#### [Work request]
Keep images out and repeat all data exactly.

#### [Recorded data]
####
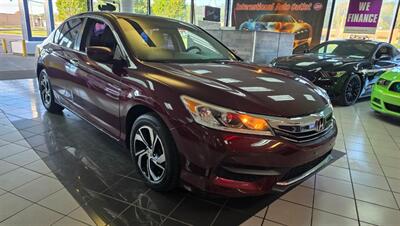 2017 Honda Accord LX 4DR SEDAN - Photo 3 - Hamilton, OH 45015
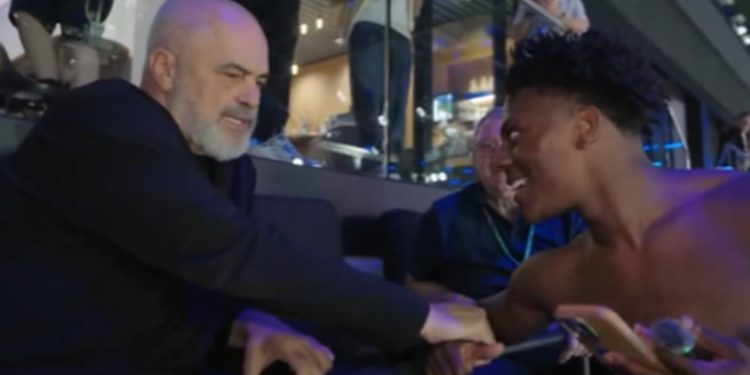 VIDEO/ Rama në Mynih për finalen e Champions League, IShowSpeed takohet me kryeministrin në stadium: Kohë e gjatë pa u parë!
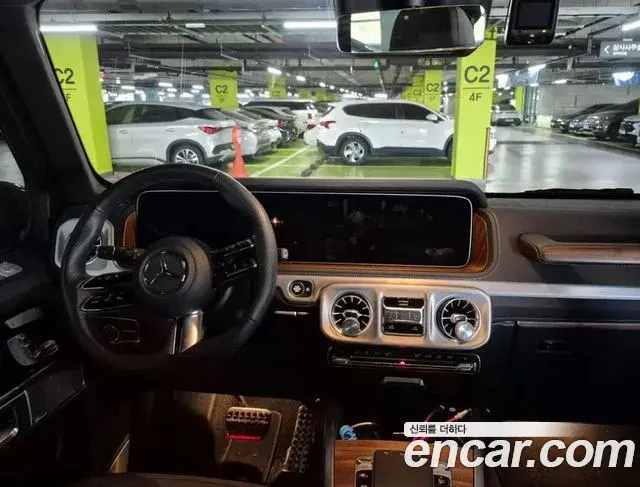 Mercedes-Benz G-Class 2025 — Photo 7/13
####
#### [Answer]
 2017 Honda Accord LX 4DR SEDAN - Photo 3 - Hamilton, OH 45015
 VIDEO/ Rama në Mynih për finalen e Champions League, IShowSpeed takohet me kryeministrin në stadium: Kohë e gjatë pa u parë!
 Mercedes-Benz G-Class 2025 — Photo 7/13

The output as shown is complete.